会社経営を軌道に乗せたコトリッチは、2017年ごろから本格的に活動再開した。2017年10月には古巣Youtubeにて初めてのYoutube Live配信を行なったことも重要である。

コトリッチの新たな挑戦として、メインの活動となったのは比較的少人数のファンを集めて写真撮影を行う撮影会イベントであり多忙なデザイン会社勤務の傍で被写体としてのリアルイベント活動を積み重ねたのである。

カメラに興味のない私は当時の撮影会イベントに参加してはいないが、Twitterのタイムラインに流れてくるカラフルなコトリッチの写真は大変魅惑的であった。

なお、2018年に私はVALU(株式のようなものを個人でも発行できるWebサービス。2020年3月終了)でコトリッチに投資していたが、当時コトリッチのVALUの時価総額は1億円を超えていた。仮想通貨バブルとあいまって、彼女はまさにリッチだったのである。

ちなみに、コトリッチはLINE LIVE、17ライブなどで配信を行っていたがこれらのサイトはあまり影響力をもちえず、アーカイブも残らなかった。貴重な記憶が消え去ったのは惜しまれるが、配信アプリでの豊富な配信経験によってコトリッチは配信者としてのスキルを大きく高めていったのだろう。

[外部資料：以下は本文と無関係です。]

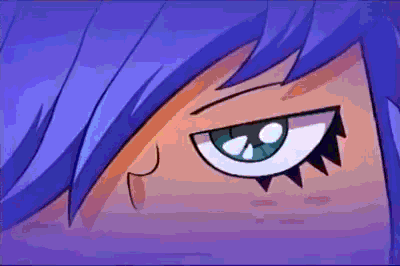 a close up of a cartoon character 's eye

このように、デザイン会社経営とリアルイベントでのファンとのコアな交流、配信アプリの経験によって、コトリッチは徐々に初期のおっとりキャラを克服し、類まれなトーク力・コミュニケーション力を発揮するようになっていった。それは多くの男たちが熱狂したVの素の表情でもあったのだ。

ホーミー結成〜配信者しーちゃんの誕生〜

そんなコトリッチに大きな転機がおとずれる。2023年1月のホーミーの結成である。メンバーはくまちゃんこと筒井、なな三郎こと筒井の元マネージャー小峯氏、しーちゃんことコトリッチの3人である。付き合いの長いメンバー構成だ。彼らの主戦場はTikTokであった。

なぜ彼らがホーミーという芸術家ユニットを結成したのか。私はその狙いについて、キャリアを経て年齢を重ねた近づき難い「芸術家」となってしまった自己を、今時の若者文化と言えるショート動画・配信にあえて真剣に取り組むことで打破し、よりキャッチーな存在になることを目指す、ということではないかと考えている。今更、金銭欲とか売名したいとかいったことではないはずだ。

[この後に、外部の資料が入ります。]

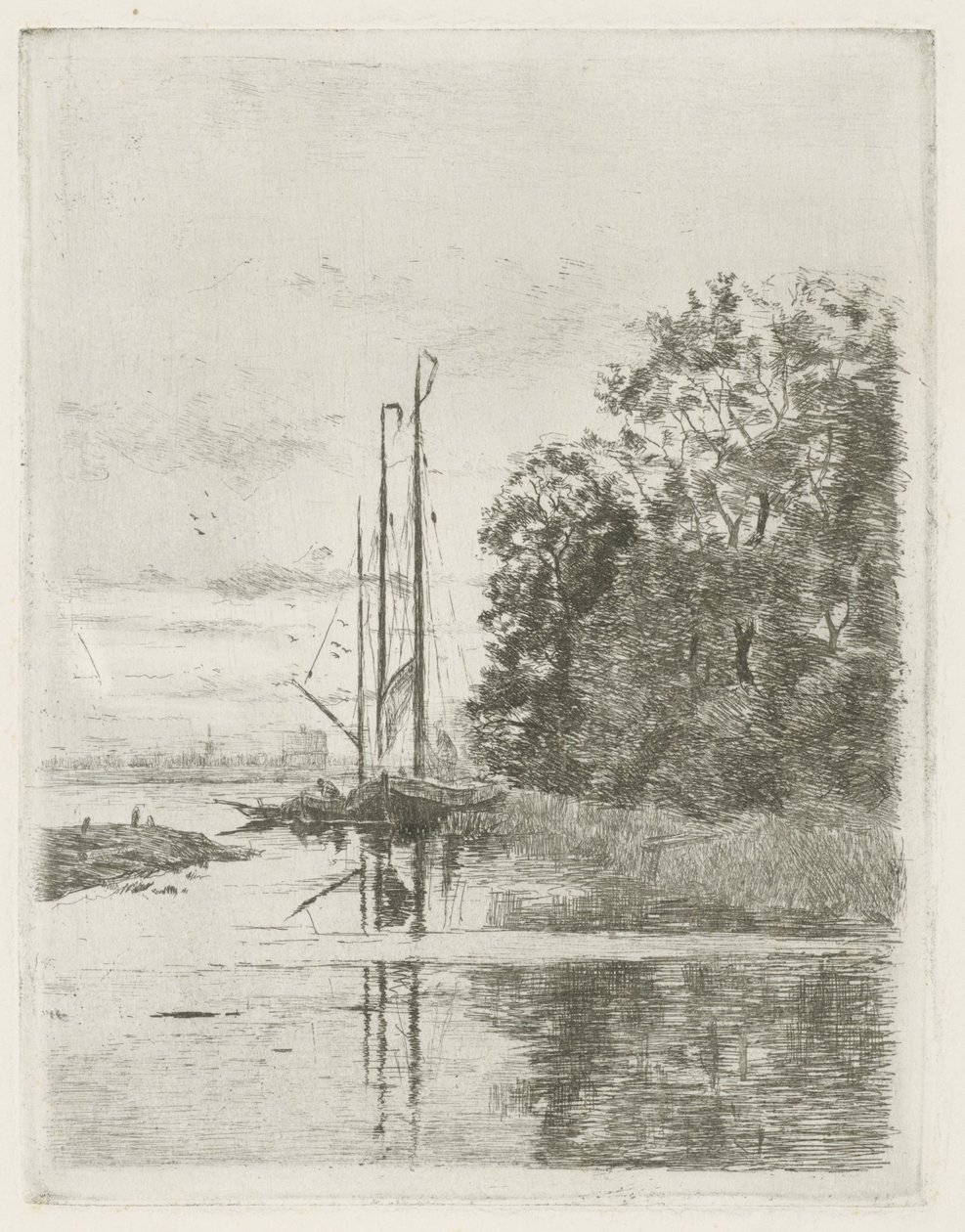 Flusslandschaft mit zwei Schiffen und einem Boot von Fredericus Jacobus van Rossum du Chattel (signed by artist)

Tiktokのショート動画では、3人が車に乗って爆音で音楽を流し、隣に停まった車の人に訴えかけ、そのリアクションを撮影するなどぶっとんだ行動をとり再生数を稼いでいく。

いい歳した大人がある種「迷惑系」な行動をとっているのかもしれないが、「ミドルエイジクライシス」から吹っ切れたしーちゃんたちの新境地にはすがすがしさを感じ、羨ましいと思ってしまうのである。

しーちゃんことコトリッチはホーミーの配信担当として、TikTokでの配信を精力的に進めていった。TikTokではYoutubeとは全く異なる新規のファン層の開拓に成功したものの、従来のコトリッチファンはホーミー活動に気づかなかったり、コトリッチがユニットを組んで活動することの意義を見出せなかったのではないか。撮影会に参加していたであろうコアなファンの一部がここでいったん脱落したのではないかと推測している。

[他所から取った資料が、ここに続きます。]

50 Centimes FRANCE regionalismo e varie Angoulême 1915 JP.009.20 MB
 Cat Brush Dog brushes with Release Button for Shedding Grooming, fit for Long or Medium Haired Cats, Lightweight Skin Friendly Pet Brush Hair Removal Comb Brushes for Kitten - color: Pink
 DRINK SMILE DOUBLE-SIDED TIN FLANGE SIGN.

こうした痛みを乗り越えながらもしーちゃんはTikTokerとしての活動に邁進していった。TikTokの配信は重課金が特徴的で、特にコラボと呼ばれる配信者間のギフトの金額の大小を競わせるシステムで激しく課金を加速させる。こうした中でホーミーには「石油王」とでもいうべき累計で100万円以上もギフトを投げるコアなファンも存在する。こうした熱狂的ファンの存在がしーちゃんを勇気づけたことだろう。

4月、筒井はラジオにて新アトリエ(葛飾区?)への移転を宣言した。

このアトリエは配信スタジオとして非常に素晴らしい拠点となった。従来自宅から配信していたコトリッチの近所への遠慮はもはや不要となり、大声を発しても、熱唱しても大丈夫な環境がととのったのである。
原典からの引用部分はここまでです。